Every column is read from a separate file. For fixed width data such as numbers, the data is simply the concatenation of the binary representation of each value. Both Big Endian and Little Endian byte orders are supported, see below.
Text is represented as NUL terminated UTF-8 encoded strings.
Temporal types are represented as structured values containing a small integer for each field.
For each data type there is a special binary pattern to represent NULL values.
When the optional endianess is not specified, NATIVE ENDIAN is used.
When the optional ON CLIENT or ON SERVER is not specified, ON SERVER is used.
Assume we have the following table definition:
CREATE TABLE foo(i INT, t TEXT);
We will use Python's struct
module
to generate some binary data to fill it.
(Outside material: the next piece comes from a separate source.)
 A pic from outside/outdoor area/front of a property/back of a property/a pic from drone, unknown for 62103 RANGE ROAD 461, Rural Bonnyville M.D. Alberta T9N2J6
Note that for large amounts of data
this might not be very efficient as it first materializes the data as a large
in-memory Python array.
#!/usr/bin/env python3
import struct
open('col_i.bin', 'wb').write(struct.pack('<4i', 42, 43, 44, 45))
open('col_t.bin', 'wb').write(b'foo\x00bar\x00baz\x00quux\x00')
This program creates two files: col_i.bin is a 16-byte file containing four 4-byte/32-bits integers:
┌─────────────────────────┬─────────────────────────┐
│ 2a 00 00 00 2b 00 00 00 ┊ 2c 00 00 00 2d 00 00 00 │
└─────────────────────────┴─────────────────────────┘
The other file is a 17-byte file containing the four strings, each terminated with a NUL byte:
┌─────────────────────────┬─────────────────────────┬────┐
│ 66 6f 6f 00 62 61 72 00 ┊ 62 61 7a 00 71 75 75 78 ┊ 00 │
│ f o o \0 b a r \0 ┊ b a z \0 q u u x ┊ \0 │
└─────────────────────────┴─────────────────────────┴────┘
To copy this data into MonetDB, issue the command
COPY LITTLE ENDIAN BINARY
INTO foo
FROM 'col_i.bin', 'col_t.bin' ON CLIENT;
First a word about byte order. On modern systems, bytes are 8 bits wide. That means that to store a 16-bit number we need 2 bytes. Take for example the number 2021 = 7 x 256 + 229. It is stored as a combination as a high byte 7 and a low byte 229. There are two obvious ways to store the number 2021 in a byte file:
on Little Endian systems, the low byte comes first: [ 229 | 7 ]
.
Intel/AMD-based computers systems and most ARM-based computer systems use
a little endian byte order.
on Big Endian systems, the high byte comes first: [ 7 | 229 ]
.
Many older computer systems such as IBM mainframes and SPARC/MIPS systems
use a big endian byte order. The Java virtual machine also prefers big endian
numbers, see for example Java's DataOutputStream.
In the first few words of the COPY BINARY INTO
statement you can indicate the
byte order of the incoming data: BIG ENDIAN
, LITTLE ENDIAN
or NATIVE ENDIAN
. Native endian means the preferred byte order of the system
MonetDB is running on. When omitted, native endian is assumed.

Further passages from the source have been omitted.